In the paper, the authors explain at length that it’s important we understand why our models are making the right decisions for the right reasons. In the title itself, even, it puts into question the practice of blindly* trusting the accuracy percentage output by our standard scoring methods.
As LIME is applicable mostly to neural networks, it makes sense that such a black box model might need help further explaining itself than something like a linear regression model. If we can achieve high accuracy with neural networks, especially when comparing them to other modeling techniques, then being able to present a robust and airtight set of reasons for any and all predictions made by that model is a very powerful tool to be boasted.

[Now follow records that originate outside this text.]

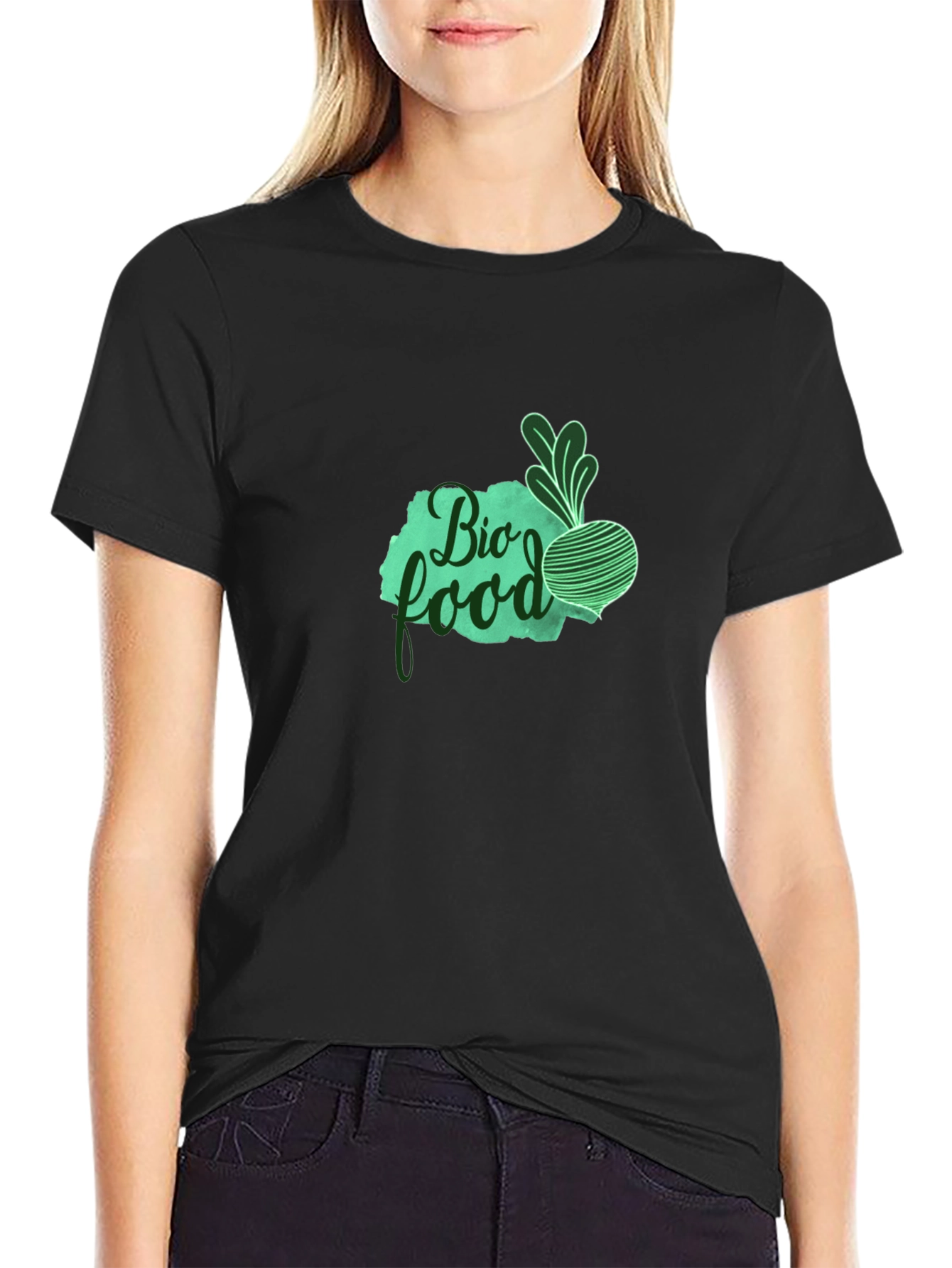Bio Food Graphic Tee - Eco-Friendly Style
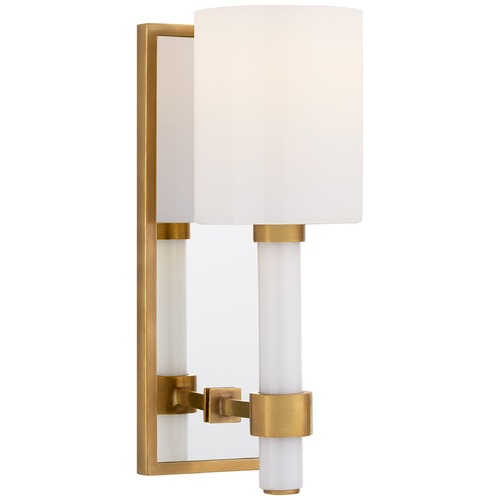 Visual Comfort Signature Collection Suzanne Kasler Maribelle Sconce in Antique Brass by Visual Comfort Signature SK2450HABWG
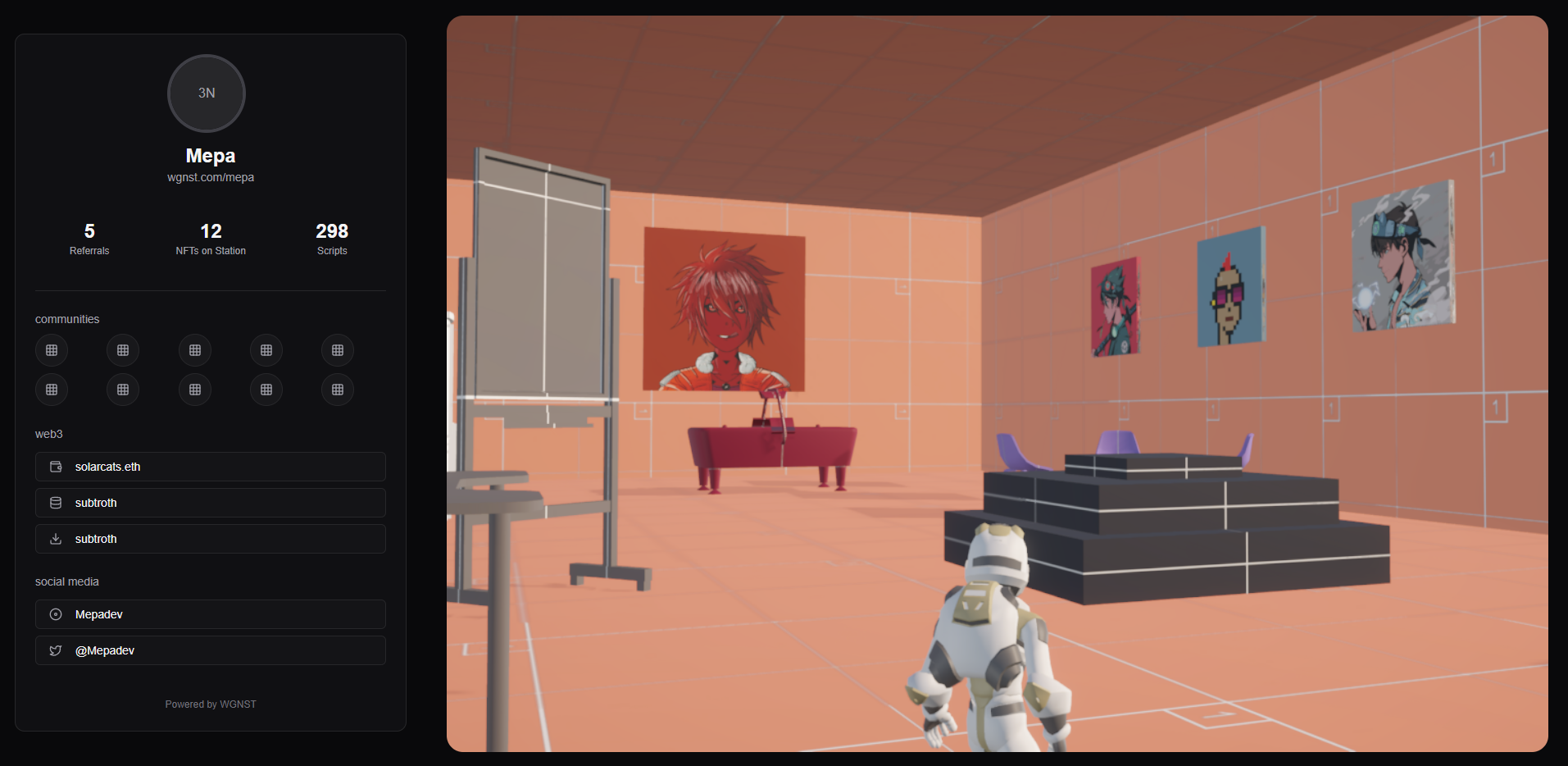 A picture inside a room of Metaverse.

Again, I talked about this in my post introducing LIME, but I’ll reiterate that we want our models to use the appropriate features of the data to arrive at the correct conclusions. After all, if us data scientists can’t even trust the model, how do we expect anyone else to? And if nobody trusts our work, then I don’t think it’s too alarmist to say that our field will disappear within a fortnight. Thus arises the need for us to understand our models such that we may pass that understanding onto our stakeholders.
How Does It Work?
Conceptually speaking, the viewer works by transforming uninterpretable feature importance into interpretable feature importance. In the example of image viewing, it transforms features deemed “important” by the image classifier, which are stored as uninterpretable tensors, back into images, and assigns a binary classification to each feature. In other words, if our model takes images as input, LIME outputs its interpretable explanation as another image.
First, the image is separated into super-pixels based on patches of similarly-colored pixels. If there’s a slow, gradient-like change from black to white, LIME might classify all those pixels as belonging to the same super-pixel. If, on the other hand, a stretch of black pixels suddenly changes to white, those black pixels will be in one super-pixel, and the white pixels will belong to another. The prevailing logic is that something that is considered a “feature” will generally be the same color all the way through, or will have a slow change from one side of the feature to the other. This is how things like trees are differentiated from the sky, or how lane lines are differentiated from the road they’re painted on. After the image is segmented, LIME can start its explanation.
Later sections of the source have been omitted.